> It might be also interesting to do in the problematic state, instead of
> dropping caches:
>
> - save snapshot of /proc/vmstat and /proc/pagetypeinfo
> - echo 1 > /proc/sys/vm/compact_memory
> - save new snapshot of /proc/vmstat and /proc/pagetypeinfo

There was just a worstcase in progress, about 100MB/10GB were used,
super-low perfomance, but could not see any improvement there after echo 1,
I watches this for about 3 minutes, the cache usage did not change.

pagetypeinfo before echo https://pastebin.com/MjSgiMRL
pagetypeinfo 3min after echo https://pastebin.com/uWM6xGDd

vmstat before echo https://pastebin.com/TjYSKNdE
vmstat 3min after echo https://pastebin.com/MqTibEKi

> Btw. vast majority of order-3 requests come from the network layer. Are
> you using a large MTU (jumbo packets)?

not that I know of, how would I figure that out?
I have not touched sysctl net.* besides a few values not related to mtu
afaik

> Btw. I was probably not specific enough. This data should be collected
> _during_ the time when the page cache is disappearing. I suspect you
> have started collecting after the fact.

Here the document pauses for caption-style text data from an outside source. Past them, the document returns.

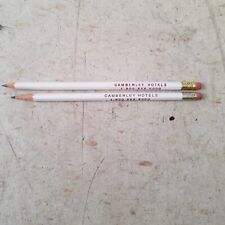 2 camberley Hotels Vtg Advertising Pencils used white United kingdom jj picture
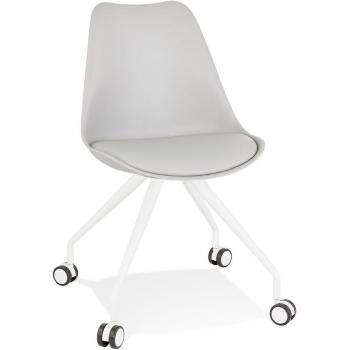 Silla de oficina de terciopelo con ruedas SWEEEK Pam, Rosa viejo, 59x60x89 cm
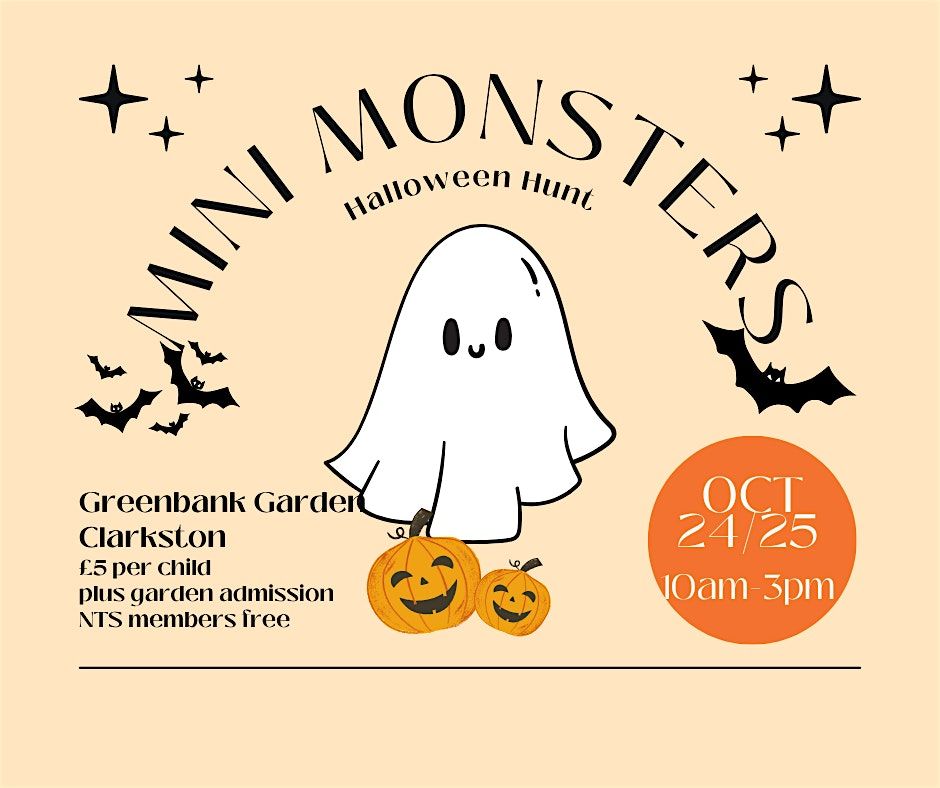 Mini Monsters Halloween Hunt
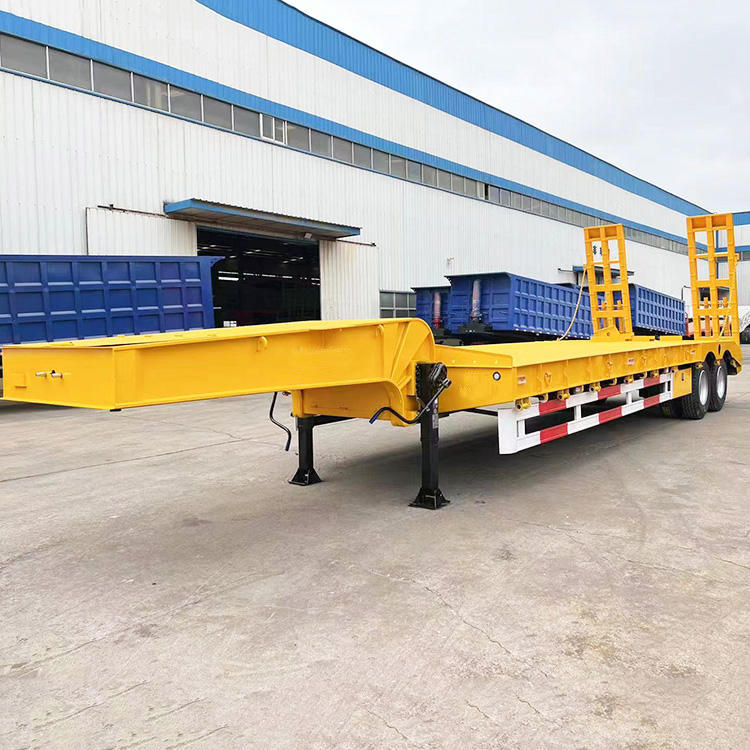 MULINAN_2-axle Low flatbed semi-trailer MULINAN_2-axle Low flatbed semi-trailer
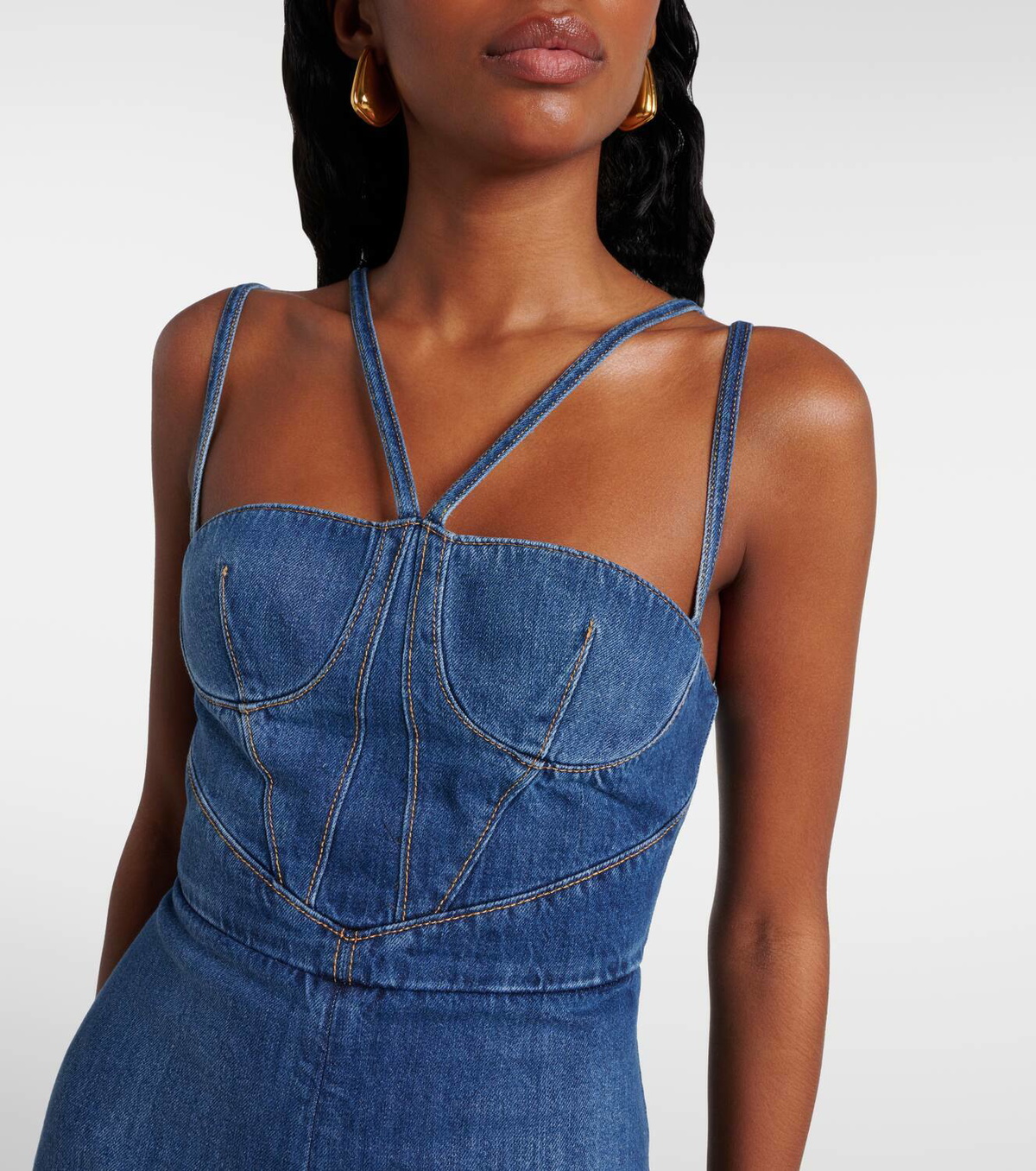 ワンピース Nensi Dojaka Denim dress Nensi Dojaka Denim corset dress Nensi Dojaka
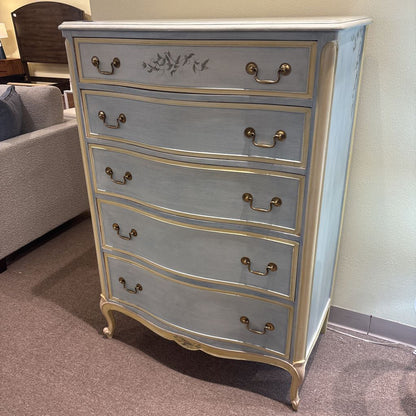 Vintage Provincial Style Highboy Dresser C HIGHBOYS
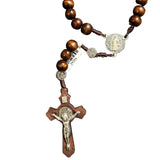Saint Benedict Wood Rosary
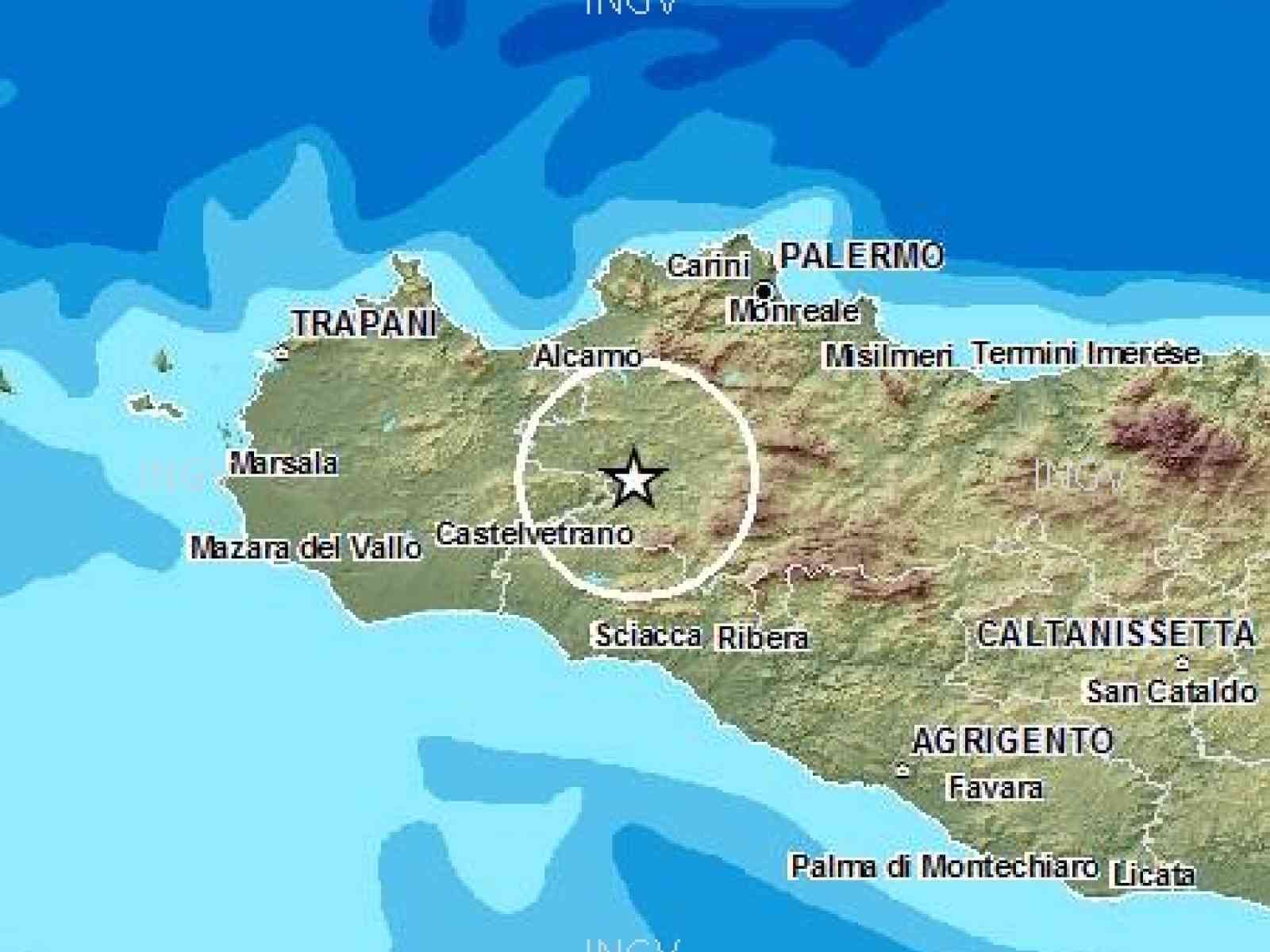 Scossa di terremoto nella Valle del Belìce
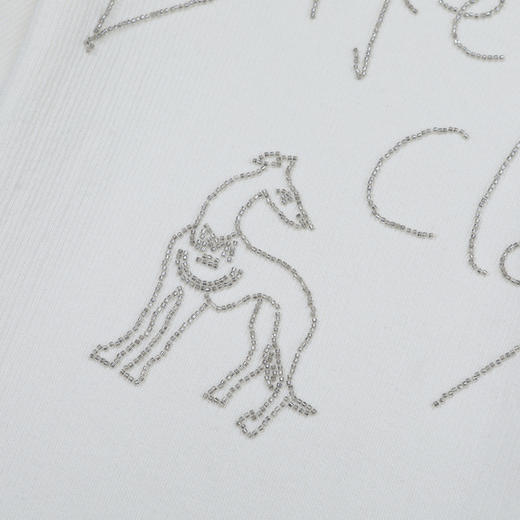 谜底针织衫短袖女2025夏季新品复古文艺紧身H型短毛衣252MZ0891 商品图3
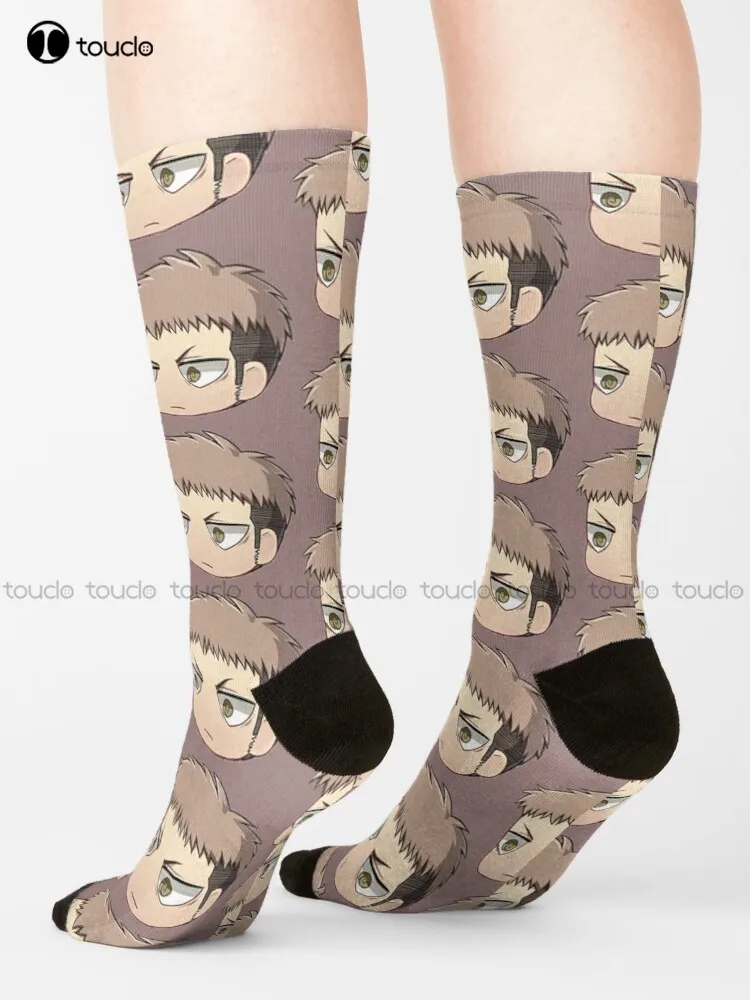 

Jean Kirstein (Chibi) Socks Men'S Slipper Socks Personalized Custom Unisex Adult Teen Youth Socks 360° Digital Print Harajuku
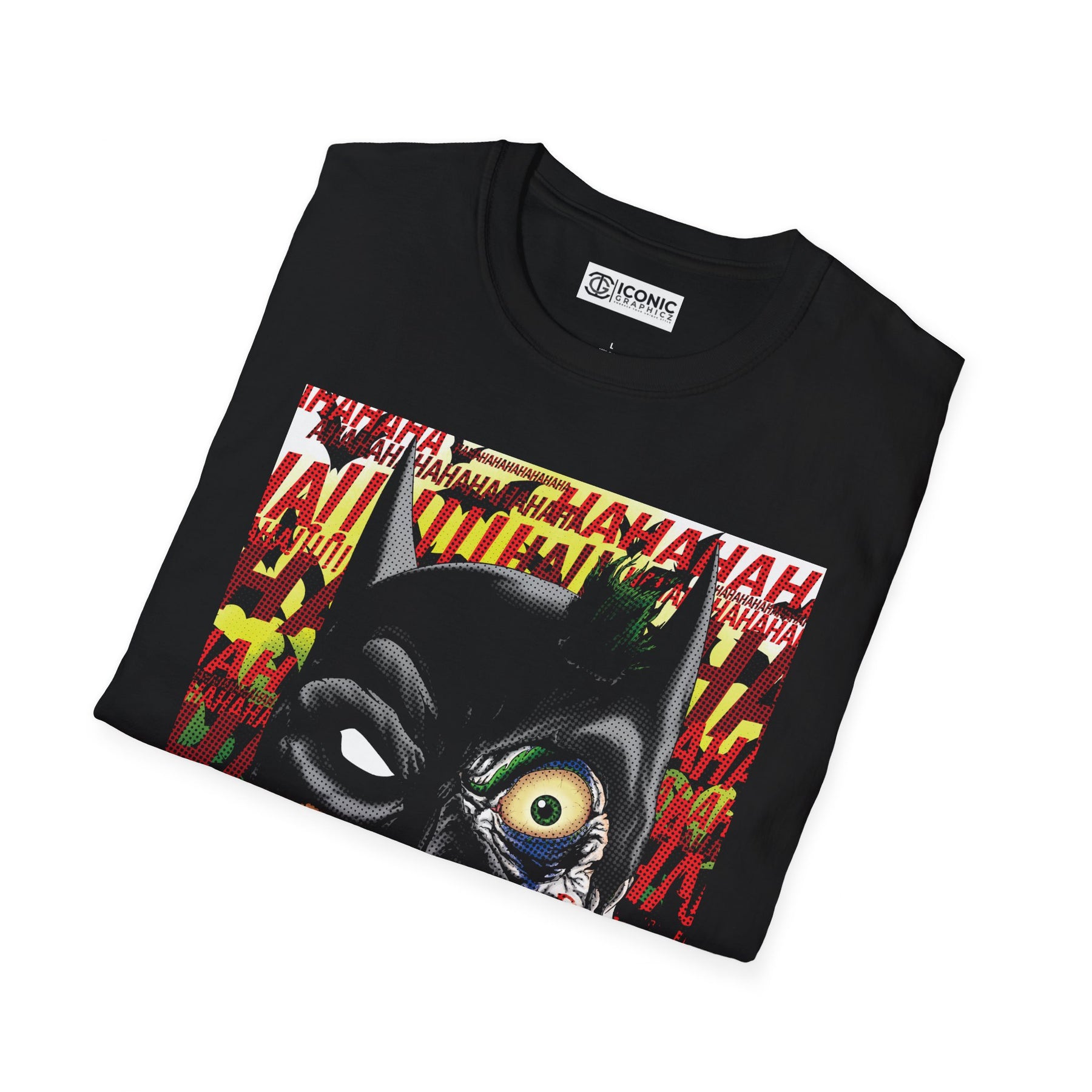 Batman and Joker Unisex Softstyle T-Shirt - IGZ Clothing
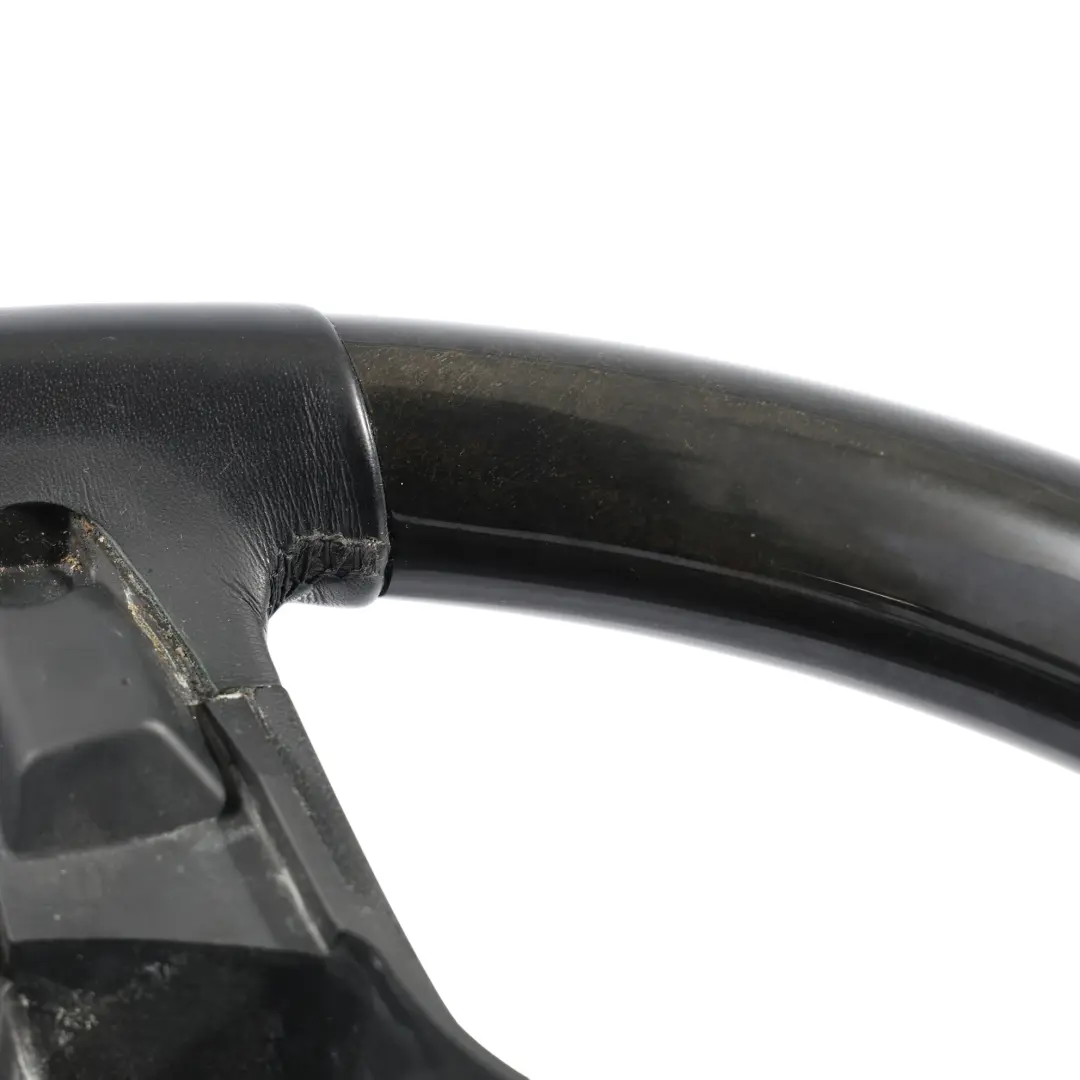 Mercedes W212 Steering Wheel Black Leather Wood Paddle Shift - SKU A2124601103 - Part number A2124601103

meh, I just messed up that output with the latest drop_caches, but I am
pretty
much sure that the one you see is while the usage was like 300MB/10GB,
before drop caches.

I was thinking maybe it would really help if one of you guys links up with
the hosts
in that state so that you can see for yourself. due to privacy issues (gdpr
and stuff)
I'd like to monitor this, so the ssh login would have to go over something
like teamviewer
on my host or whatever. please let me know if anyone is willing, since I
really see
no help there with anything I tried for 3 months by now. thanks for the
efforts.
surely any diagnosis would be easier this way.